18

4.1K 159 56
                                    

*Maja*

   Listopad minął naprawdę szybko, a na jego miejsce przyszedł grudzień razem z kolorowymi lampkami oraz świątecznymi wyprzedażami w sklepach. Dla mnie ten czas oznaczał, że niedługo będę musiała się zameldować w domu na rodzinnej wigilii, musząc wysłuchiwać tego jak marnuje swoje życie, będąc w związku z Kubą - podczas obiadu na który nas zaprosili, cały czas go wychwalali, ale gdy tylko poszedł do auta, a ja zostałam z nimi aby się pożegnać od razu się uruchomili. Czułam się niezwykle obrzydzona ich zachowaniem i do tej pory zastanawiam się czy nie pojechać na święta do mieszkania mojego oraz Klaudii (żadna z nas tam aktualnie nie mieszka, ale obie je opłacamy), bo wolę je spędzić w samotności niż wśród ludzi tak fałszywych jak moi rodzice.

Za cztery dni ma odbyć się wigilia ekipowa, o której Karol oraz Łuki nie przestają mówić od tygodnia. Zresztą mam wrażenie, że to wydarzenie jest numerem jeden wśród wszystkich pracowników oraz domowników, zwłaszcza jeśli chodzi o ich damską część. Ja sama ekscytowałam się tym tylko przez godzinę, później zaczynając się martwić o sukienkę, bo aktualnie w swojej szafie miałam jedynie dwie, które nie nadawały się na tę imprezę.

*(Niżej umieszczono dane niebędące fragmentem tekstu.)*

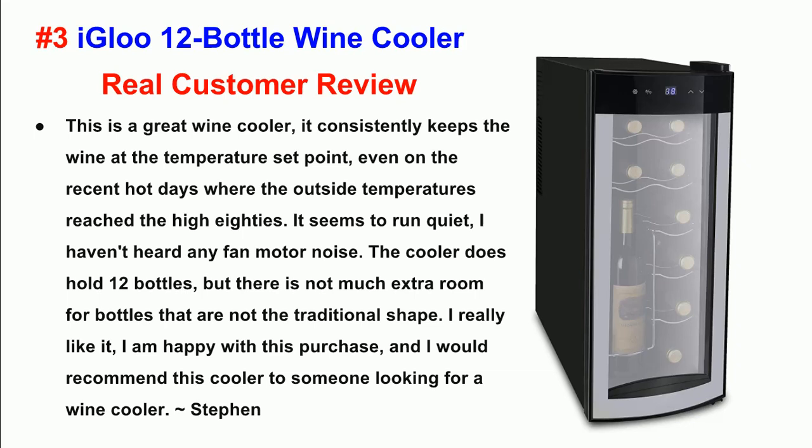Number 3: Igloo 12 Bottle Wine Cooler. Real Customer Review. This is a great wine cooler — it consistently keeps the wine at the temperature set point, even on recent hot days where outside temperatures reached the high 80s. It seems to run quiet; I haven't heard any fan motor noise. The cooler does hold 12 bottles, but there is not much extra room for bottles that are not the traditional shape. I am happy with this purchase and would recommend this cooler to someone looking for a wine cooler.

Dlatego dzisiaj po zajęciach umówiłam się z Klaudią na zakupy. Ona również się wybierała na tę wigilię, w towarzystwie Krzycha, z którym zaprzyjaźniła się bardziej podczas jej pierwszych odwiedzin w domu ekipy. Wtedy powiedziała mi też, że ma kryzys w związku z Wiktorem, mocno się pokłócili i chłopak wypalił ze zrobieniem przerwy. Początkowo chciałam go zabić za to co jej zrobił, ale później zaczęłam mieć nadzieję, że niedługo przyleci do Polski, bo chłopak jest do tego zdolny - zrobił tak już dwa razy, kupując wielki bukiet róż na przeprosiny.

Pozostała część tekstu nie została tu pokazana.